(Data excerpt)
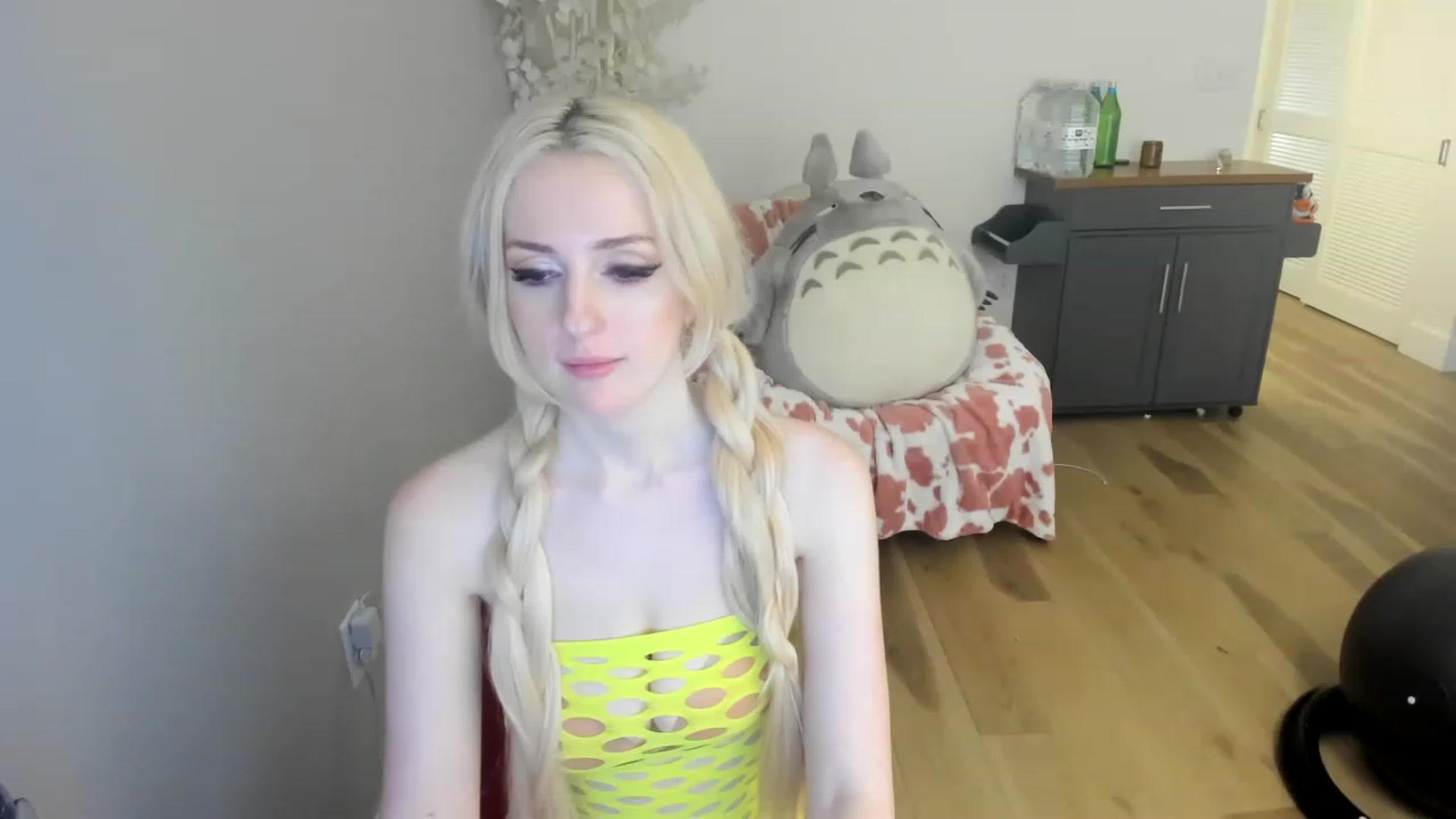 Gallery image thumbnail from DommeMilk's myfreecams stream on, 12/18/2022, 14:39 image 10 of 20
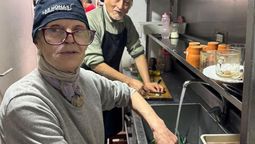 Jubilados cocinan y atienden las mesas en el restorán Las Nonas Ramona Petrona, de Villa Crespo, donde se prioriza la contratación de adultos mayores, por su responsabilidad y compromiso. Jubilados cocinan y atienden las mesas en el restorán Las Nonas Ramona Petrona, de Villa Crespo, donde se prioriza la contratación de adultos mayores, por su responsabilidad y compromiso.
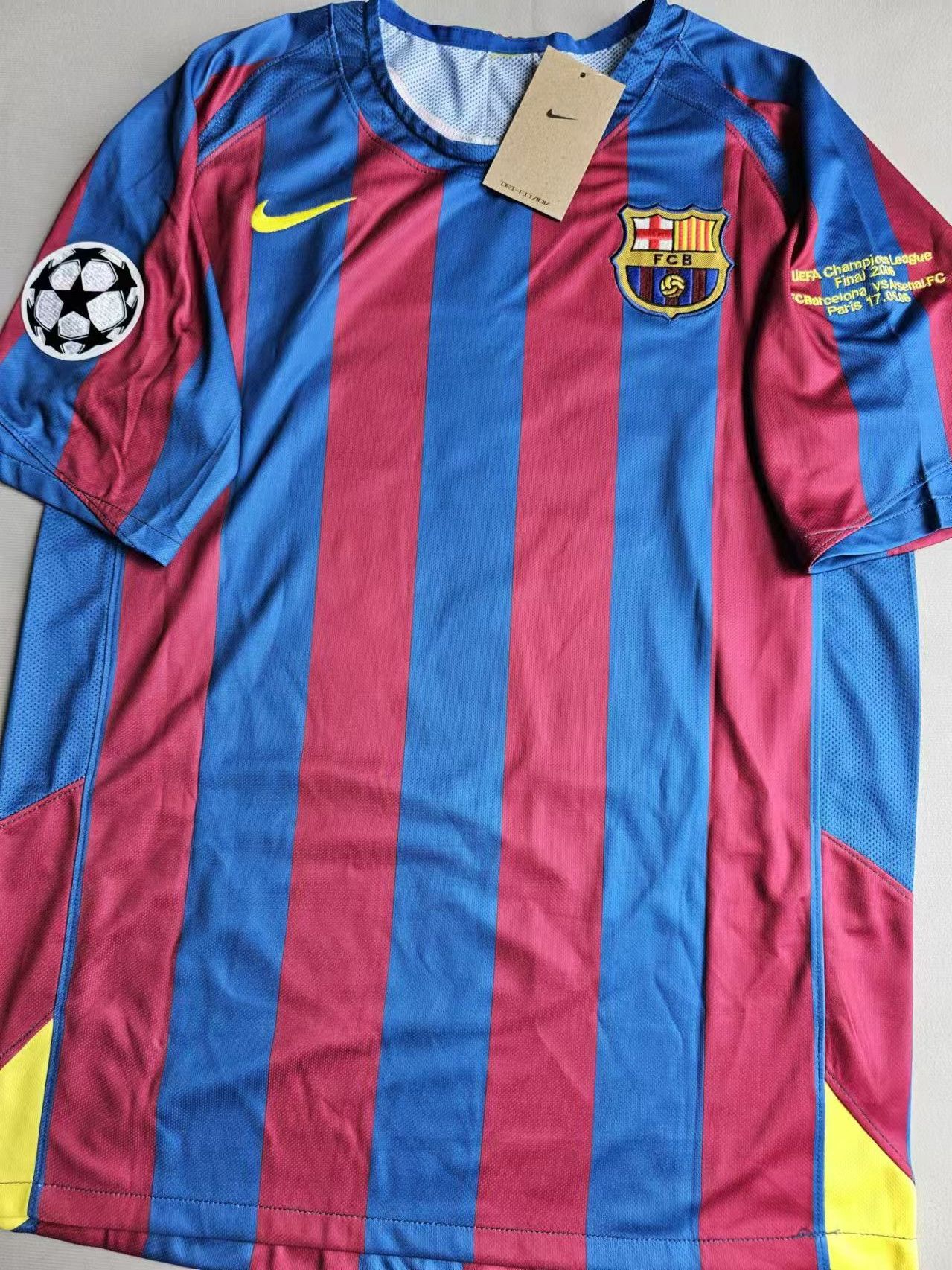 Other 2005 06 Barcelona 10 Ronaldinho Jersey Home Size US XL / EU 56 / 4 - 2 Thumbnail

(Work order)
Everything in the listing must be copied exactly except the pictures.

(Written solution)
 Gallery image thumbnail from DommeMilk's myfreecams stream on, 12/18/2022, 14:39 image 10 of 20
 Jubilados cocinan y atienden las mesas en el restorán Las Nonas Ramona Petrona, de Villa Crespo, donde se prioriza la contratación de adultos mayores, por su responsabilidad y compromiso. Jubilados cocinan y atienden las mesas en el restorán Las Nonas Ramona Petrona, de Villa Crespo, donde se prioriza la contratación de adultos mayores, por su responsabilidad y compromiso.
 Other 2005 06 Barcelona 10 Ronaldinho Jersey Home Size US XL / EU 56 / 4 - 2 Thumbnail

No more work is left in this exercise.